[[ Data provided, beginning ]]

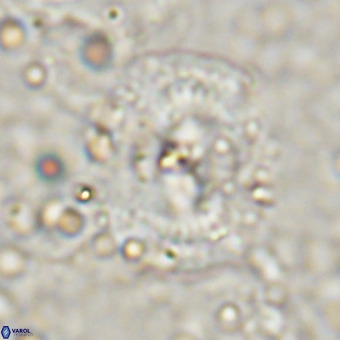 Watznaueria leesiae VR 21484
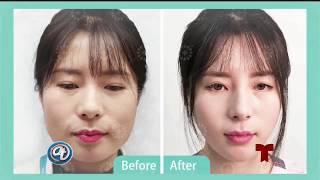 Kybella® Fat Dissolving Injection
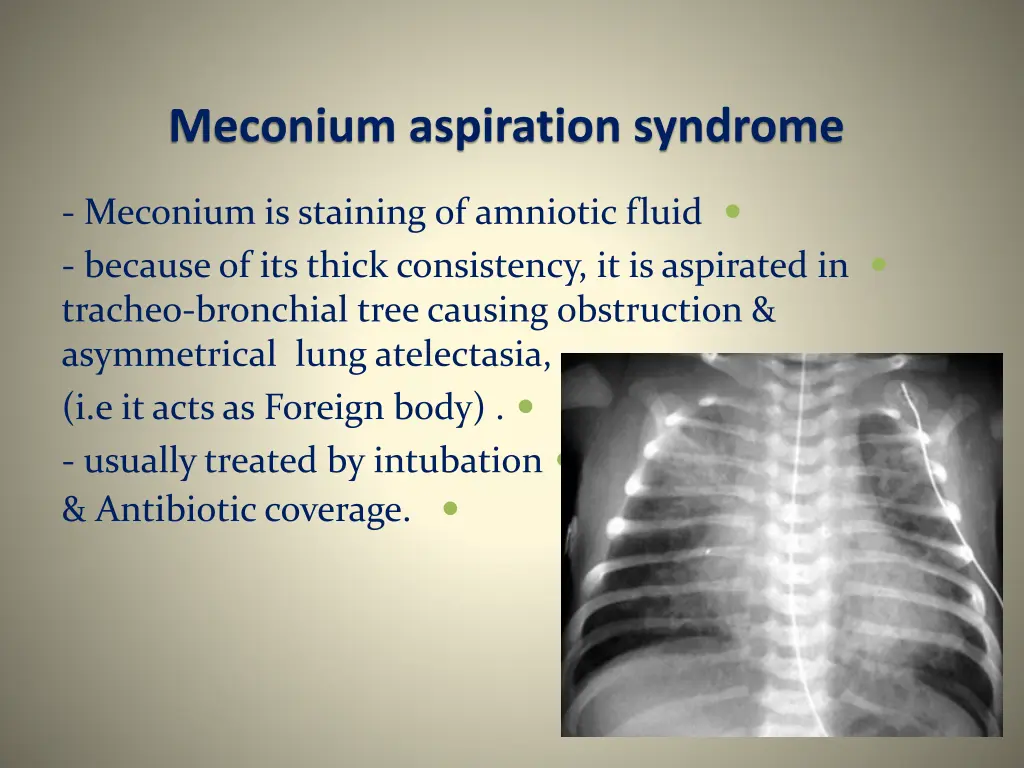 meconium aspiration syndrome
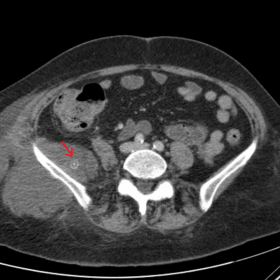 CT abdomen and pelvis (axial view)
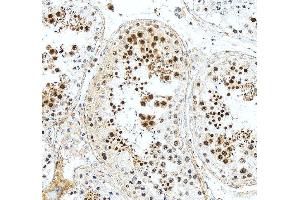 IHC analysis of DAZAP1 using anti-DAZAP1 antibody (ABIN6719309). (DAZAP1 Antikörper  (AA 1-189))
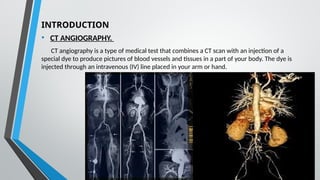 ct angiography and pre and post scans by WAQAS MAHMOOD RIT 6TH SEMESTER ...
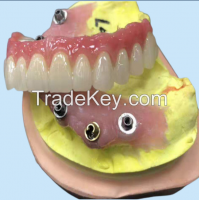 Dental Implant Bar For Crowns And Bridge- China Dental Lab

[[ Data provided, end ]]

• Instructions for the task
Only the pictures stay out; everything else in the listing above must be repeated exactly.

• Completed exercise
 Watznaueria leesiae VR 21484
 Kybella® Fat Dissolving Injection
 meconium aspiration syndrome
 CT abdomen and pelvis (axial view)
 IHC analysis of DAZAP1 using anti-DAZAP1 antibody (ABIN6719309). (DAZAP1 Antikörper  (AA 1-189))
 ct angiography and pre and post scans by WAQAS MAHMOOD RIT 6TH SEMESTER ...
 Dental Implant Bar For Crowns And Bridge- China Dental Lab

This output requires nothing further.